Un ambiance nauséabonde

La stratégie macroniste a donc fait long feu. Le Président a été contraint hier soir de formuler explicitement le souhait d’une alliance formelle entre LR et ses propres soutiens. En réalité, sur l’économie et le social rien ne les sépare vraiment ; c’est sur la stratégie culturelle et politique que se joue le congrès LR. Emmanuel Macron a presque cité dans le texte les mots de Nicolas Sarkozy dans l’entretien que ce dernier a accordé au Journal du Dimanche : mérite, ordre, travail… il a multiplié les appels du pied à la droite républicaine que ce soit sur les retraites, sur le refus d’augmenter la valeur du travail, sur la sécurité ou sur l’immigration.

Le Président de la République sait que son quinquennat est déjà fini avant même d’avoir réellement commencé (ce qui ne veut pas dire que les Français ne subiront pas les conséquences désastreuses de ses orientations) ; après avoir joué les Matamor sur la dissolution, il sait désormais qu’une conjugaison des contraires le temps d’une motion de censure est possible et que sa menace pourrait se retourner contre ses fidèles. Il lui faut donc formaliser ce qu’il se refusait à faire jusqu’ici.

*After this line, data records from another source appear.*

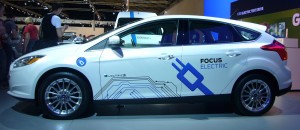 76.Ford_Focus_Electric_(side)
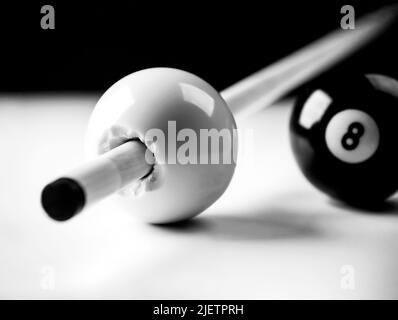 Le bâton de repère se brise à travers un cuball avec huit balles en arrière-plan, photographie réaliste Banque D'Images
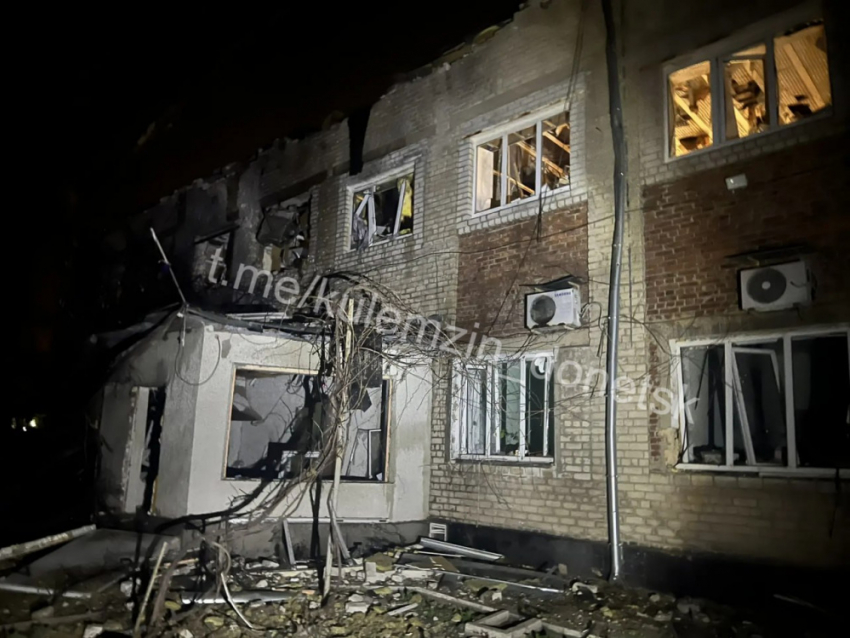 Массовая атака дронов ВСУ на Донецк, повреждены жилые дома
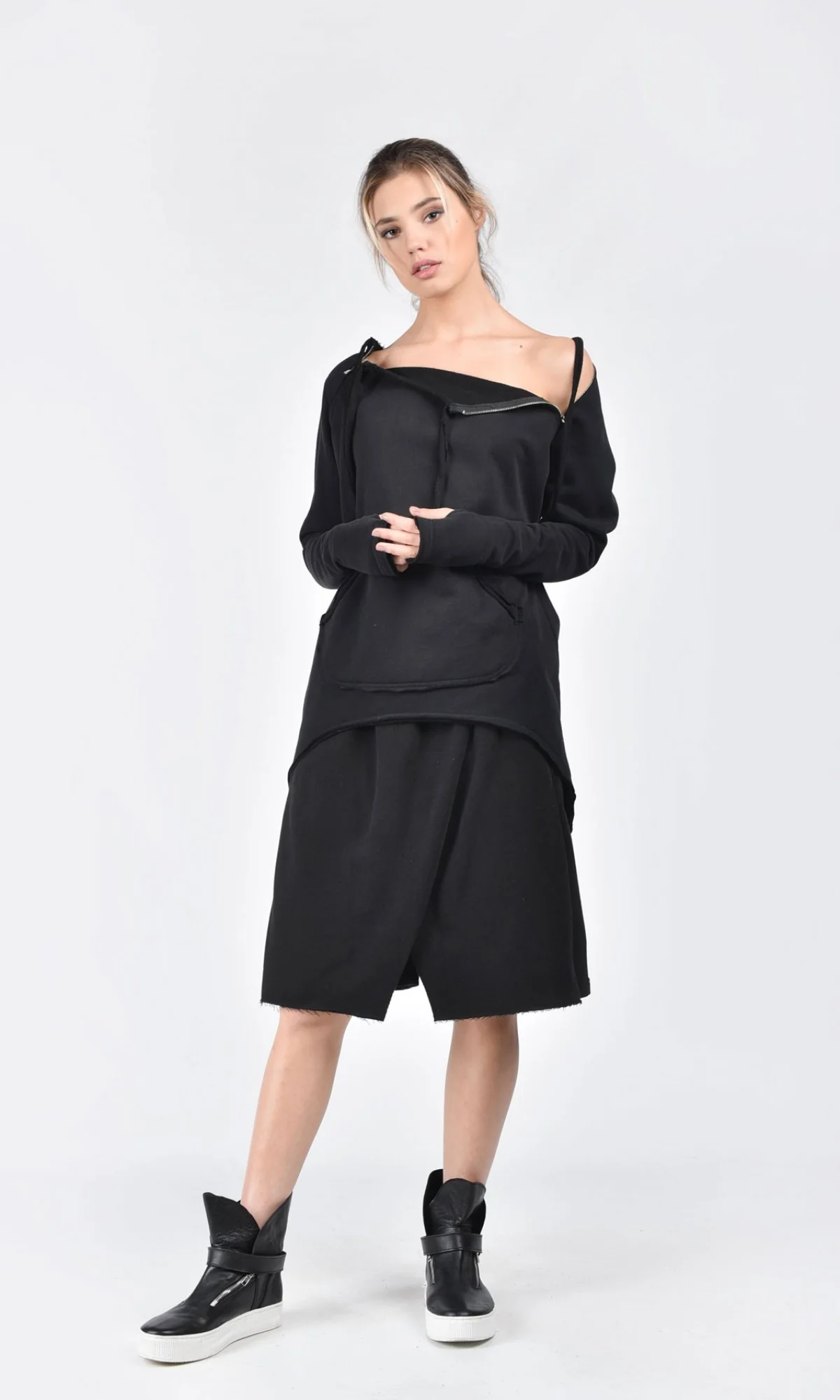 Arm Zipper Sweatshirt - Image 8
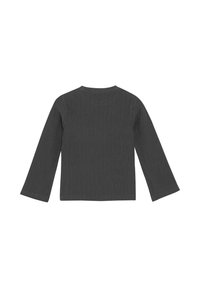 Szary, prążkowany top z długim rękawem i okrągłym dekoltem, zaprezentowany z tyłu. Materiał ma teksturowane wykończenie.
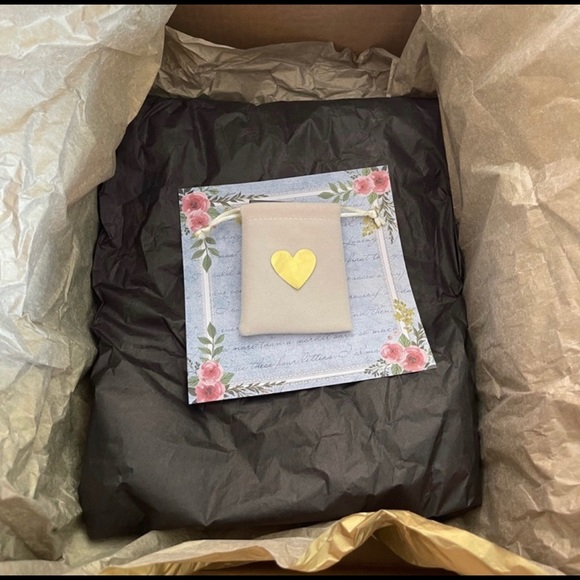 ⭐️Spring Sale⭐️Make me offer, reasonable offers will be accepted 😍 - Picture 4 of 4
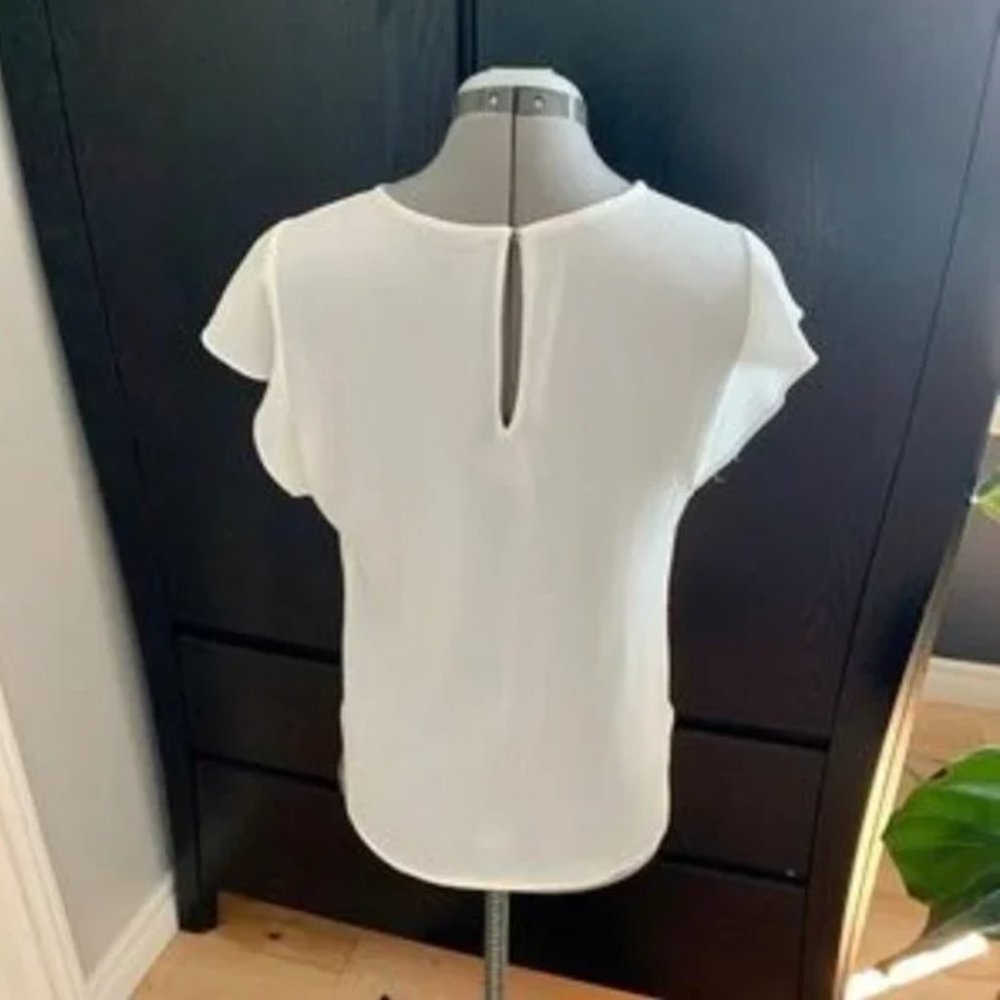 Dynamite Flutter Sleeve Top - Picture 2 of 3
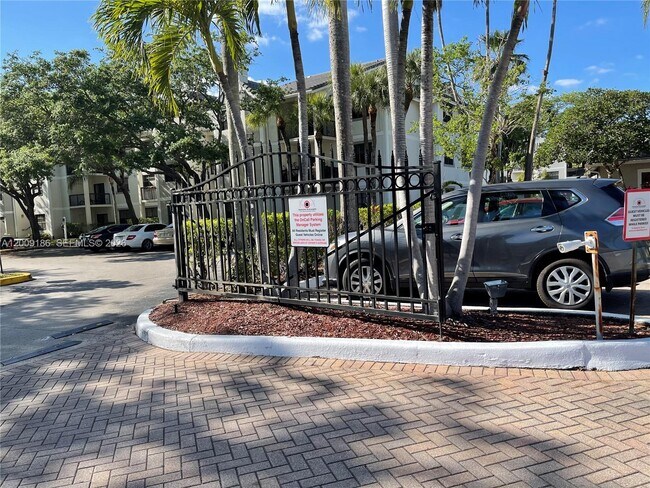 Foto del edificio - 11211 W Atlantic Blvd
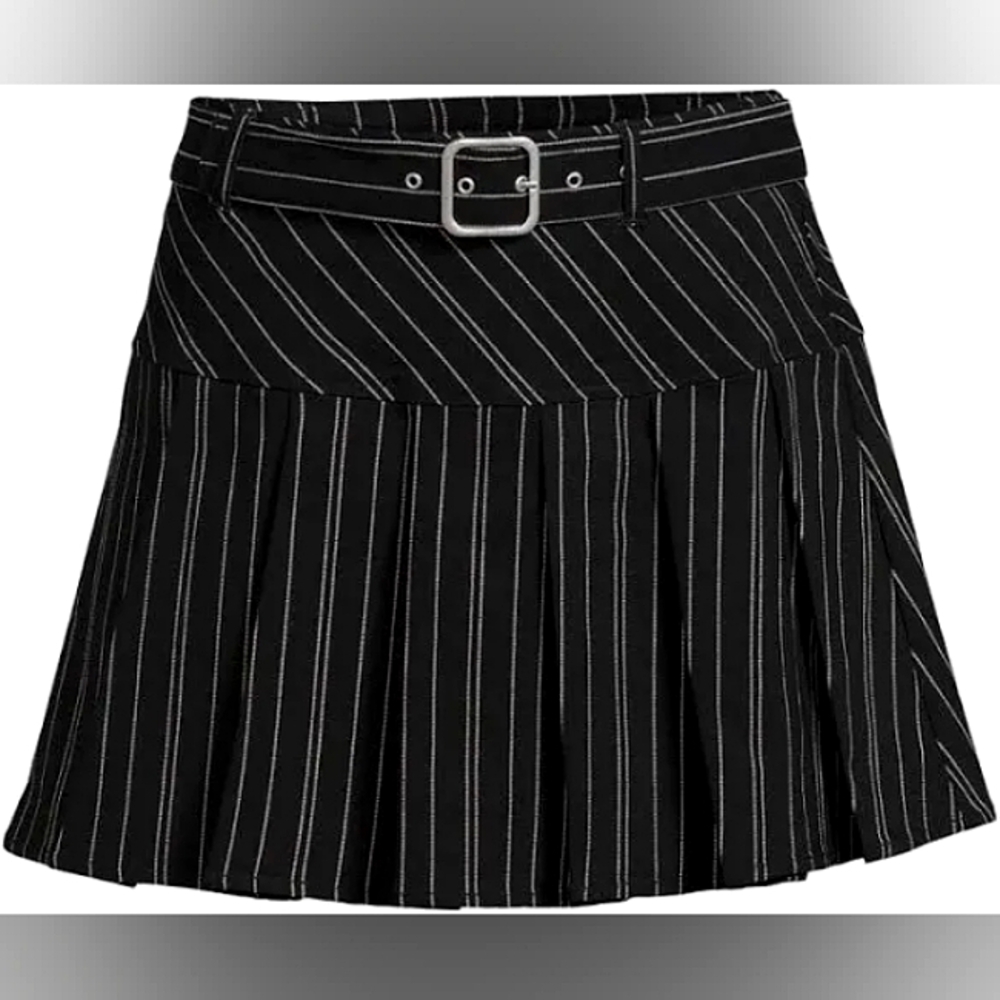 No Boundaries Juniors Pleated Skirt with Belt, Size M(7-9)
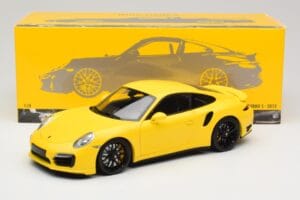 Porsche 911 991 Turbo S Gul Med Svarta Fälgar Minichamps 1:18 110062321 Metall — bild 8 av 8
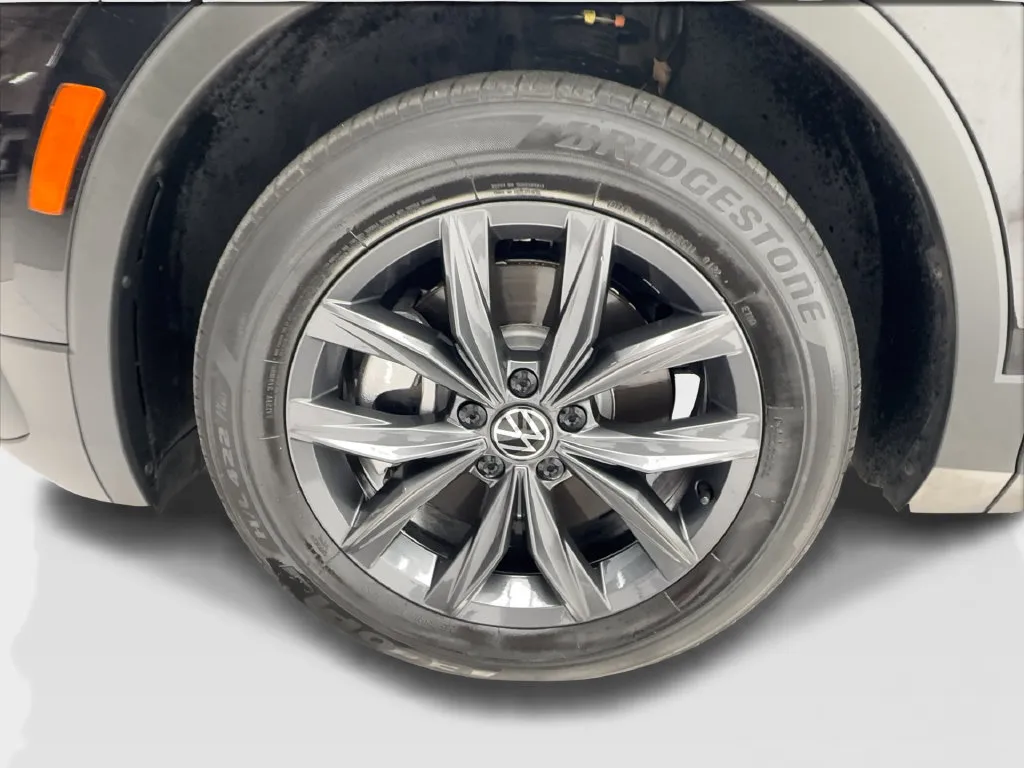 Volkswagen Tiguan photo 15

Marine Le Pen n’a pas seulement pris au piège LR et Emmanuel Macron ; elle a plongé la NUPES dans le désarroi. Depuis lundi, les députés de gauche se voit contraints par les médias de se justifier de n’avoir pas voulu faire une alliance de circonstance avec l’extrême droite. L’hypothèse est en soi absurde, mais tout à leur volonté de mettre en difficulté Olivier Faure pour le congrès du PS en janvier 2023, Jean-Christophe Cambadélis et François Kalfon (copieusement relayés par la macronie) ont cherché à accréditer l’idée que la motion de censure de la NUPES aurait été corrigée après coup pour plaire au RN. Le procédé est à la fois odieux, irresponsable et puérile, mais l’ambiguïté extra-parlementaire de Jean-Luc Mélenchon leur permet de médire à moindre risque : « nul ne votera la motion de censure RN à la #NUPES puisque le #RN a déjà dit qu'il ne voterait pas celle de la NUPES » (tweet du 19 octobre au soir, qui montre la faiblesse du cordon sanitaire) ; ou encore la revendication assumée sur son blog le 26 octobre de faire feu de tout bois.

Pendant ce temps, Marine Le Pen compte les points, se frotte les mains et attend son heure. Et les Français s’apprêtent à passer un hiver froid et déprimant.